Cycling glasses aren't just a fashion accessory to make you look cool, although they do come in super stylish designs. They're specifically designed to protect your eyes from harsh sunlight as well as from flying debris – stones, grit and the occasional bug.
Wearing a pair of cycling glasses can enhance your enjoyment on every ride with lighter frames than casual sunnies, shatterproof lenses and venting to stop them from steaming up. These specific glasses often have wrap-around designs for improved peripheral visibility.
In this cycling glasses guide we'll cover frames, lenses and key features to look for in a good pair.
Most cycling glasses are built out of polycarbonate plastic as this can be easily molded for wrap-around sporty coverage. Compared to metal frames, plastic is much safer if you're unfortunate enough to crash.
You'll often find thinner, more streamlined frames that are made from light materials on performance cycling glasses.
You can distinguish between standard glasses and cycling glasses by their frame design. Cycling glasses will sit closer to the face with curved lenses and arms. Standard glasses have a flatter profile and are a good option for recreational use.
Single & double lenses
You can choose to buy a single lens or dual lens pair of glasses. A single lens will offer more coverage and improved peripheral vision, but you're often limited to one lens tint. Dual lens glasses are often available with interchangeable lenses so you can switch out lenses for the conditions you'll be riding.
Many cycling glasses come with a selection of lenses. The higher the price, usually the more lenses you'll get. Interchangeable lenses are great for those who ride in all weather conditions.
It's a good idea to choose glasses with lens tints for the conditions you're most likely to riding in (especially if you choose a fixed pair of glasses). For the UK that means overcast skies with the occasional bright day. In general, the brighter the light, the darker the lens you want.
Another option to consider are photochromic lenses. These lenses will tint with changes in light intensity. They're a good idea for unpredictable weather when it can be light one minute and dark the next. Mountain bikers benefit from these lenses when swooping between wooded areas and open trails.
With photochromic lenses you don't need to change lenses all the time which can be annoying. However, they don't offer the same range of tint as choosing specific lenses.

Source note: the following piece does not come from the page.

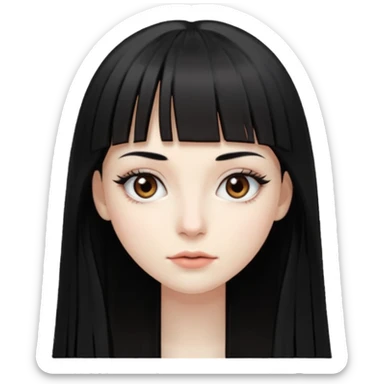 девушка с бледной кожей у неё длиные прямые черные волосы и челка прямая ниже бровей глаза коричневого цвета худая у неё длиные ресницы sticker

Polarized lenses are coated with a special chemical film to reduce glare and reflection so you can see objects ahead with improved clarity. This is especially useful when sun shines on standing water and wet roads. Polarized lenses offer improved UV protection too.
Polarized lenses work by filtering out horizontal light waves which cause glare while leaving vertical light waves (the useful light we use to see clearly).
Tinted lenses are very good at reducing brightness and dampening glare. However, polarized lenses will eliminate glare completely without impacting your ability to distinguish shapes and objects ahead of you.
Always check cycling glasses for UV protection as the colour of the lens does not accurately represent its ability to block these harmful rays.
Also, be aware that darker lenses without UV protection can cause more eye damage than wearing no sunglasses as your pupil dilates and allows more UV light to enter your eye.
A good feature to look for is anti-scratch or shatterproof lenses. Anything from a small stone kicked up by your front wheel to clumsy hands can ruin your lenses, so having this extra protection will reduce expense.
Anti fog coating or small vents cut into the lens can help to stop your glasses steaming up when you're riding slowly or have stopped at traffic lights.
Every time you head out on a ride you should wear cycling glasses. They protect your eyes from UV and glare whilst improving contrast and depth perception. Even when the sun isn't glaring, these glasses will protect against flying debris.
Choose a style that suits you, then look for lenses that will work for the conditions you're going to be riding.